> _Requirement_: Reproduce exactly, and only, the lines below from the one containing "3848/3850 SE 92ND AVE" through the one containing "SIKSHA_SINGH's Live XXX Chat".
==== Records for the task ====
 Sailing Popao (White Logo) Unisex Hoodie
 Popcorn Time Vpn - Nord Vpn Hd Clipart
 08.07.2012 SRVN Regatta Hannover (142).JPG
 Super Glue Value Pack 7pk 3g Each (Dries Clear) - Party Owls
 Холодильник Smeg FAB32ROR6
====
==== Records for the task ====
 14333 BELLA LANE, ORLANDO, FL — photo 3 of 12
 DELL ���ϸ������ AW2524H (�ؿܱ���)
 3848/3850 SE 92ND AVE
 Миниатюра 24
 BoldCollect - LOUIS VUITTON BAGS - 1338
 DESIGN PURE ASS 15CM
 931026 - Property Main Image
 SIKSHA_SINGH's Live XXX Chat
====
> _Response area_:
 3848/3850 SE 92ND AVE
 Миниатюра 24
 BoldCollect - LOUIS VUITTON BAGS - 1338
 DESIGN PURE ASS 15CM
 931026 - Property Main Image
 SIKSHA_SINGH's Live XXX Chat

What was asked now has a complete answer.